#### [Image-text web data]
Segment Open
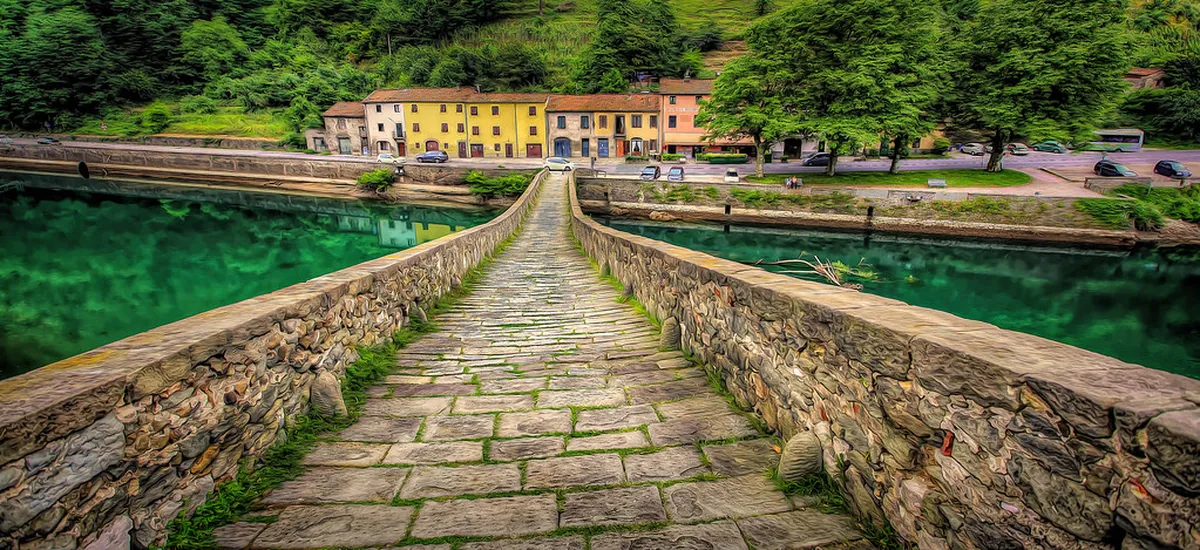 Navigating Lucca: Your 2025 Guide to Getting Around Transport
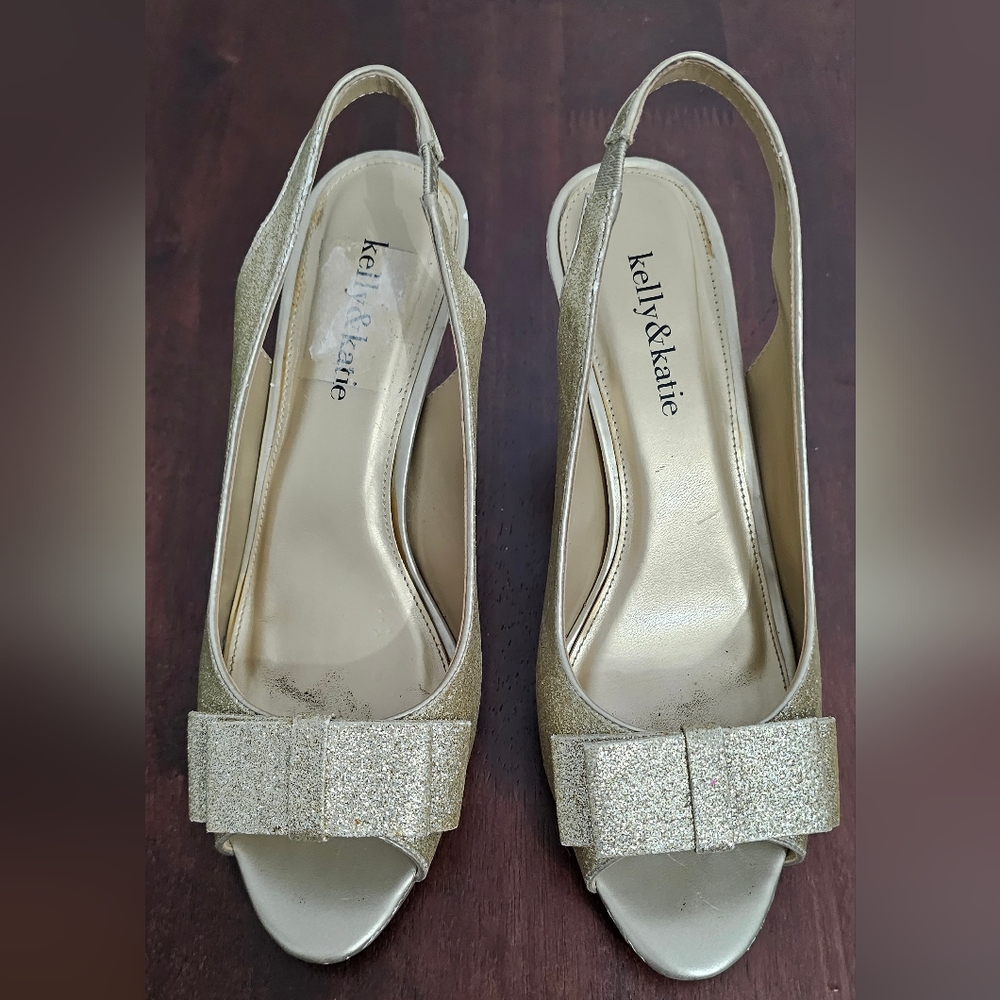 Women's size 8 Kelly & Katie Gold Slingback Heels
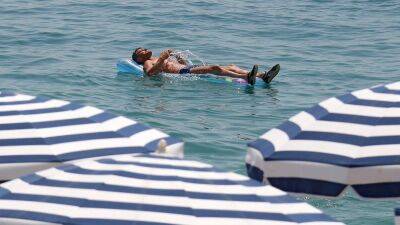 Вода в Средиземном море прогрелась до 30 градусов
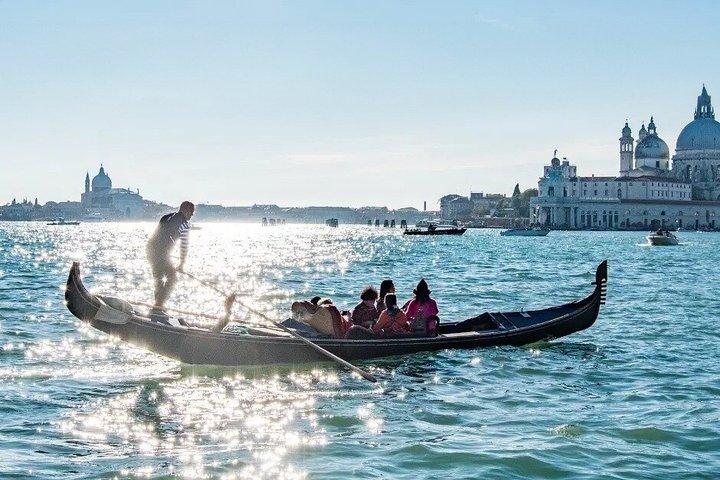 Hoppa över kön Grand Canal Gondola Ride i Venedig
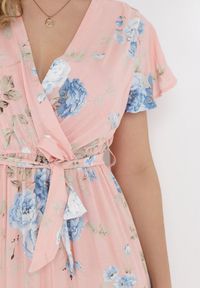 Born2be - Jasnoróżowa Kopertowa Sukienka w Kwiatowy Wzór z Paskiem i Falbanką Thellippe. Typ kołnierza: dekolt kopertowy, dekolt w kształcie V. Kolor: różowy. Wzór: kwiaty. Typ sukienki: kopertowe. Materiał: tkanina. Długość rękawa: krótki rękaw. Sezon: lato. Styl: elegancki. Długość: maxi #6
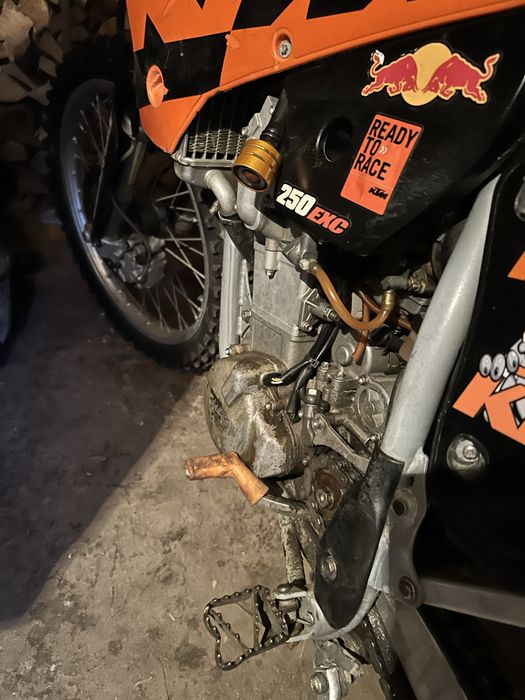 KTM 250 EXC 4T | Cu pornire la buton | Investiție recentă 500 EUR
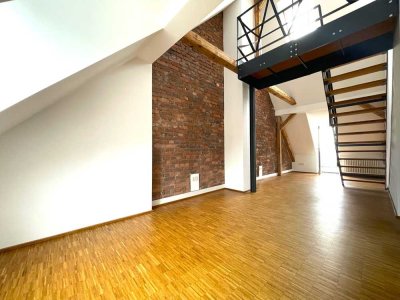 Sehr schöne 3-Zimmer-Altbauwohnung mit Galerie und Balkon im Martinsviertel von Darmstadt!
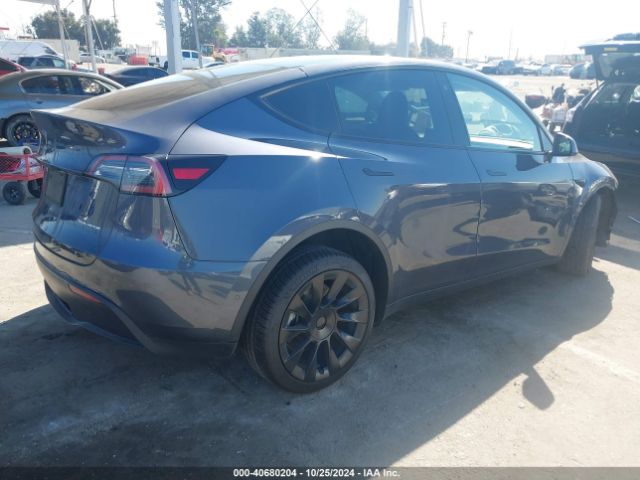 Photo 3 VIN: 7SAYGDEE3NF428778 - TESLA MODEL Y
Segment Closed
Go to the line that contains "KTM 250 EXC" and copy it and every line after it through the end of the entries, exactly, without the pictures.

 KTM 250 EXC 4T | Cu pornire la buton | Investiție recentă 500 EUR
 Sehr schöne 3-Zimmer-Altbauwohnung mit Galerie und Balkon im Martinsviertel von Darmstadt!
 Photo 3 VIN: 7SAYGDEE3NF428778 - TESLA MODEL Y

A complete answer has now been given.